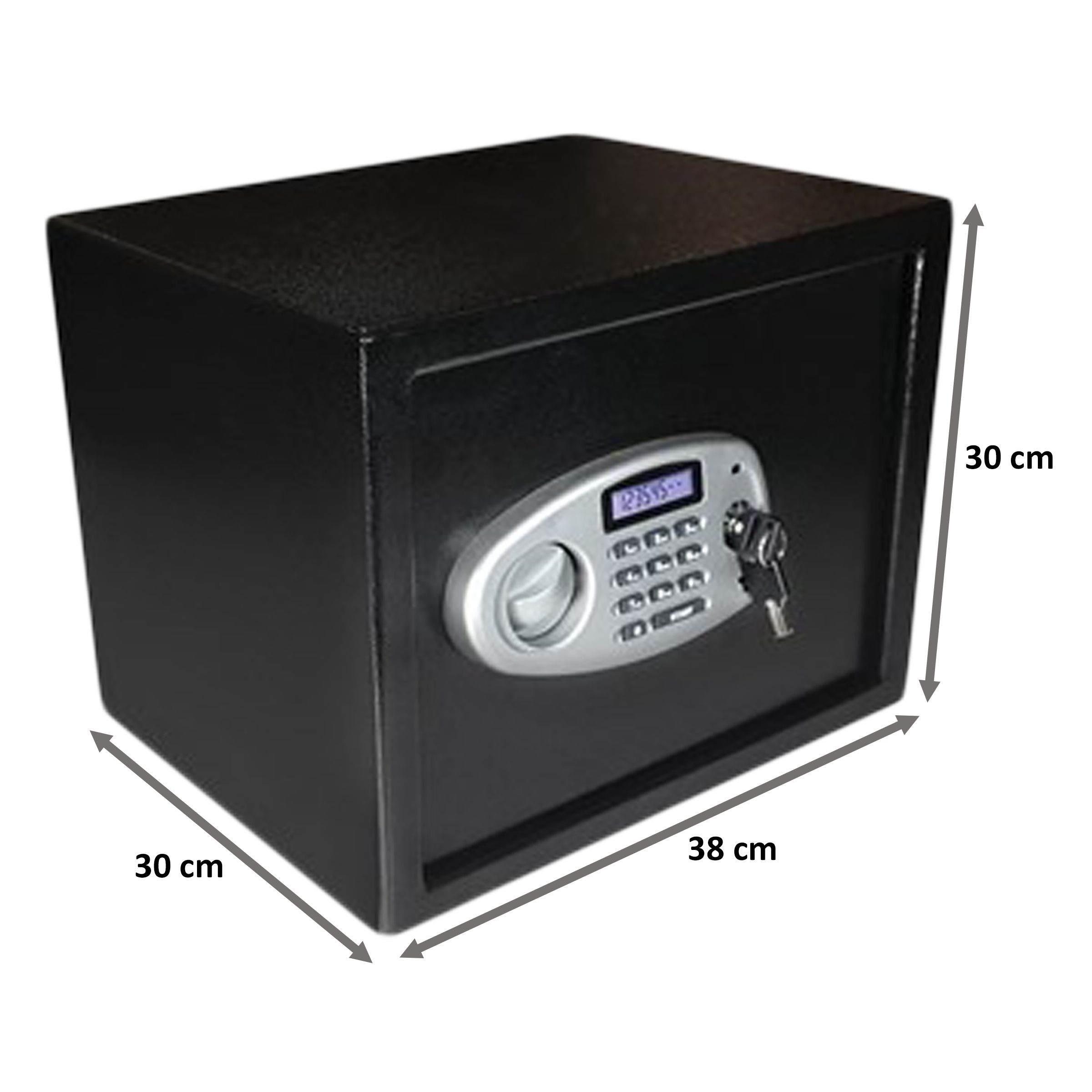 Yale 26.8 Litres Digital & Manual Safety Locker (1 Shelve, YSS/300/DB2, Black)_3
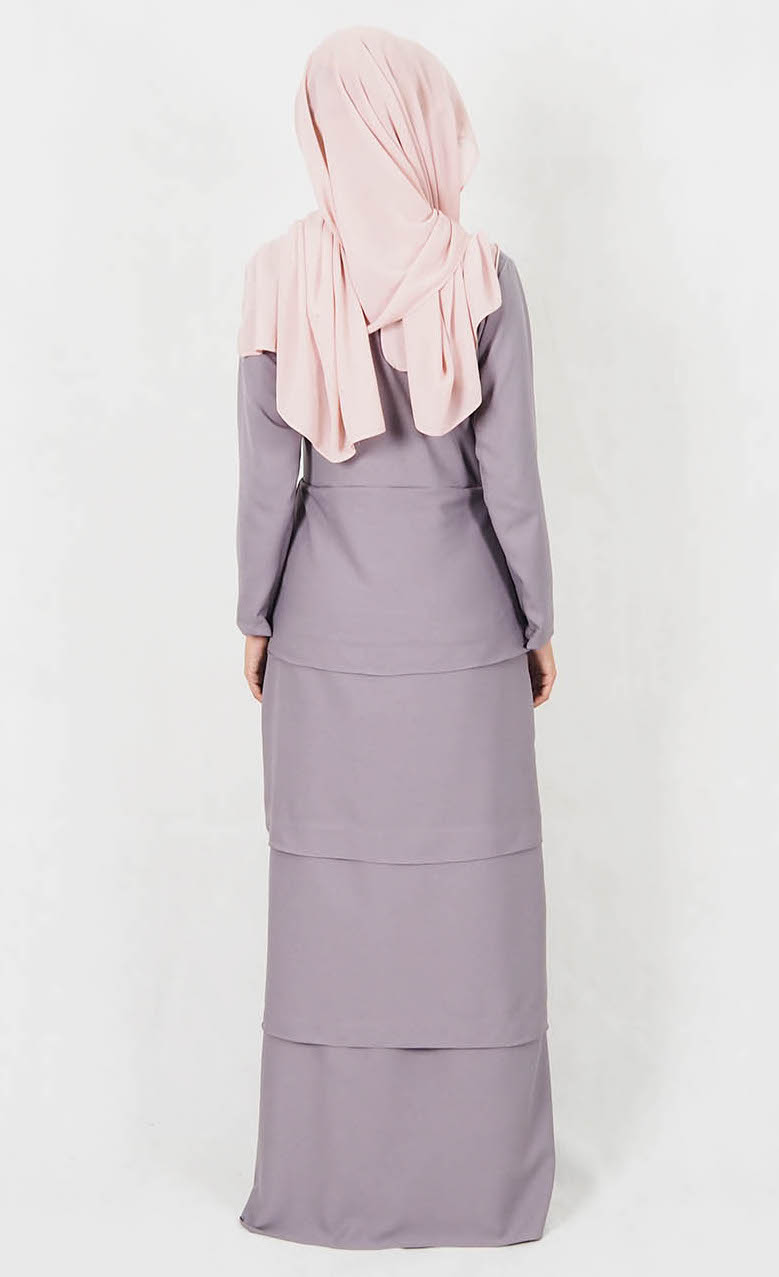 SW4975 Jubah (Breastfeed) Grey
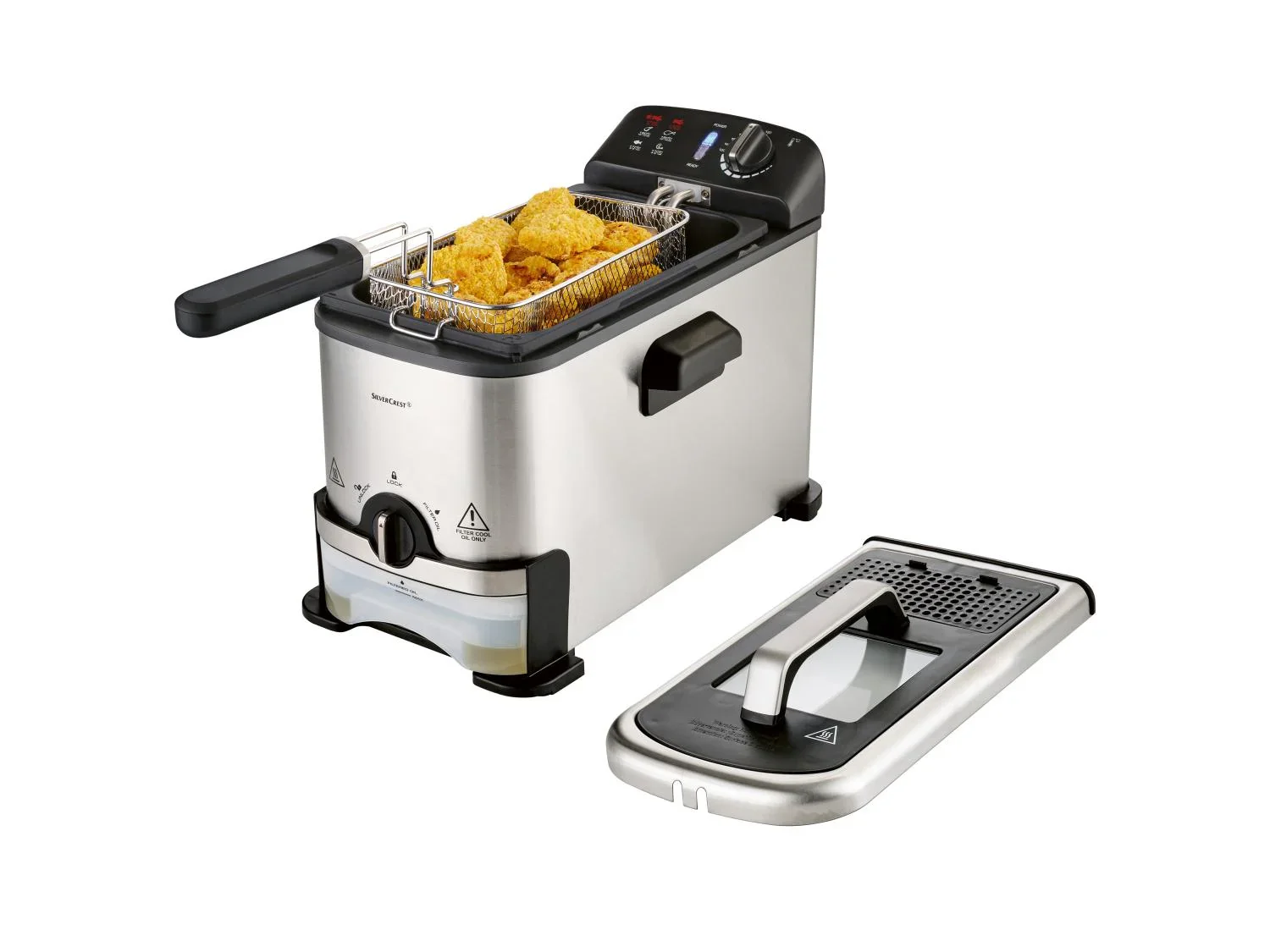 SILVERCREST KITCHEN TOOLS Friteuse en acier inoxydable
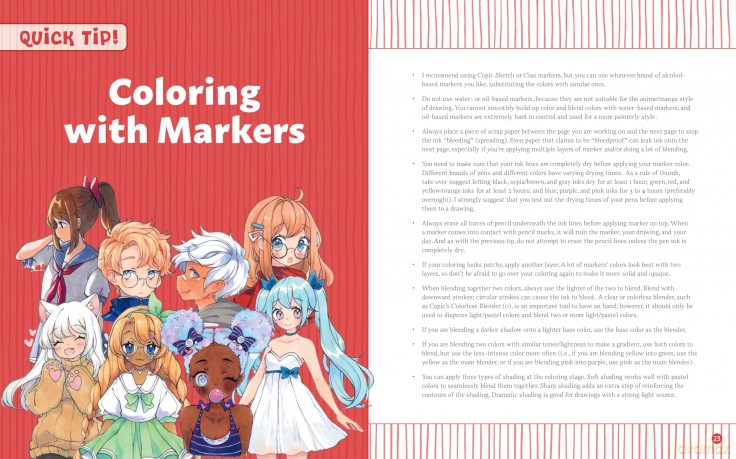 Anime Art Class Sketchbook: Includes Drawing Tips and Over 100 Blank Manga Style Panels - Yoai [KALENDARZ]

· · · · ·

## WORK INSTRUCTION
All that belongs in the answer is the exact run of lines from the line containing "SILVERCREST KITCHEN TOOLS" to the end of the listing above, pictures removed.

## EXERCISE RESPONSE
 SILVERCREST KITCHEN TOOLS Friteuse en acier inoxydable
 Anime Art Class Sketchbook: Includes Drawing Tips and Over 100 Blank Manga Style Panels - Yoai [KALENDARZ]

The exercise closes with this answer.